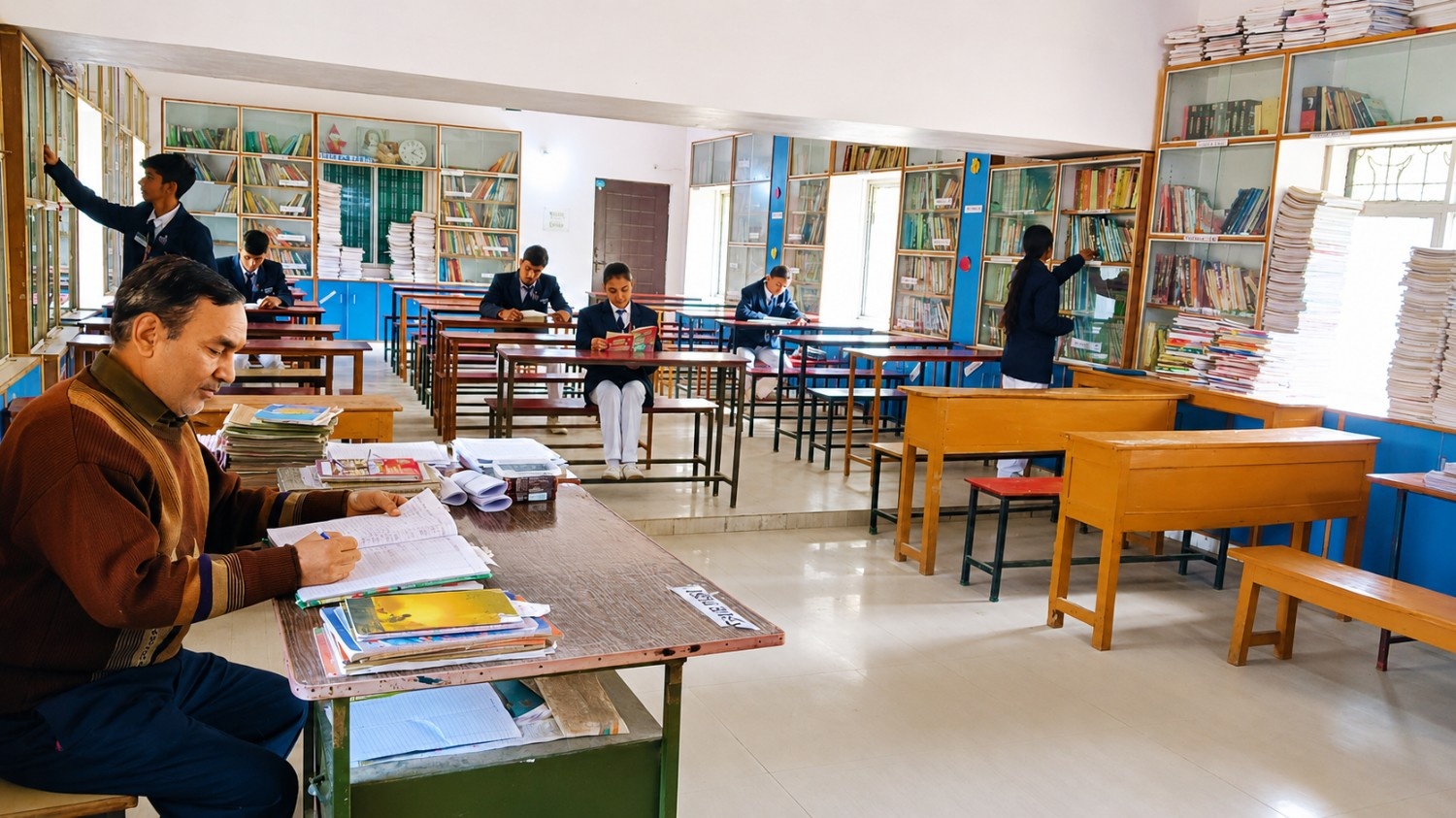 Library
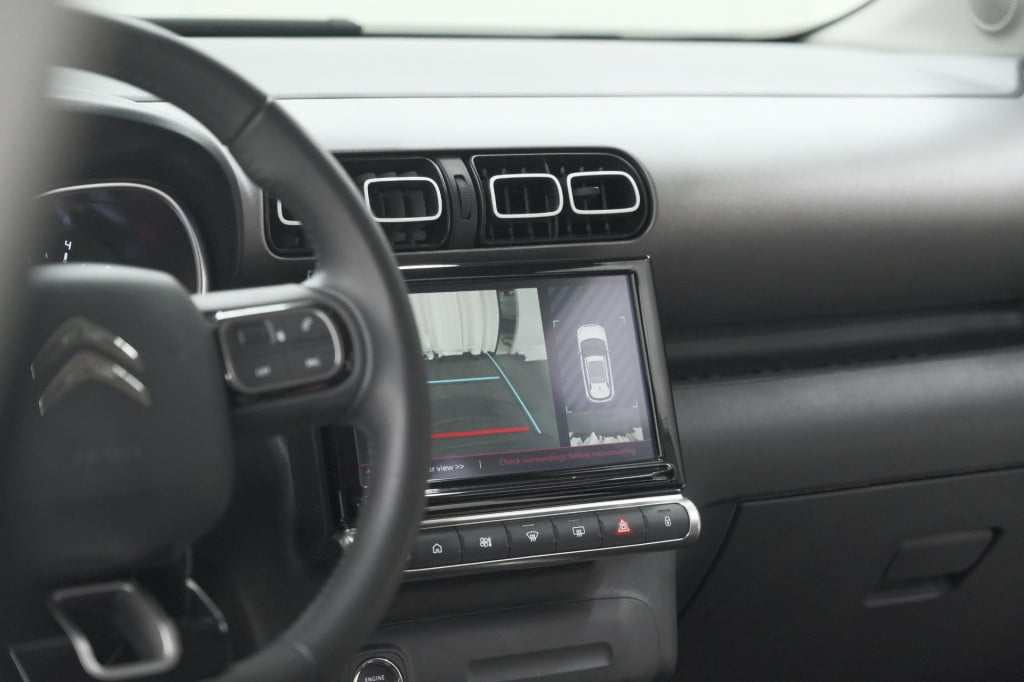 Citroen C3 Aircross puretech 130 eat6 max | camera | navigatie | apple carp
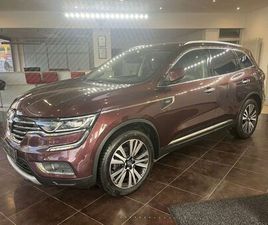 RENAULT KOLEOS RENAULT KOLEOS INITIALE PARIS 4X4*TÜV NEU*AHK*NAVI*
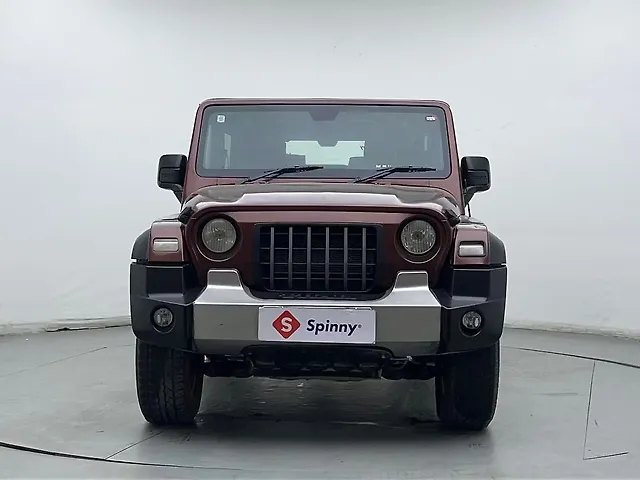 Used Mahindra Thar [2020-2025] LX Hard Top Diesel AT 4WD [2023] in Gurgaon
————————
[Exercise objective]
Without the pictures, write out all of the material exactly.

[Solution to the exercise]
 Library
 Citroen C3 Aircross puretech 130 eat6 max | camera | navigatie | apple carp
 RENAULT KOLEOS RENAULT KOLEOS INITIALE PARIS 4X4*TÜV NEU*AHK*NAVI*
 Used Mahindra Thar [2020-2025] LX Hard Top Diesel AT 4WD [2023] in Gurgaon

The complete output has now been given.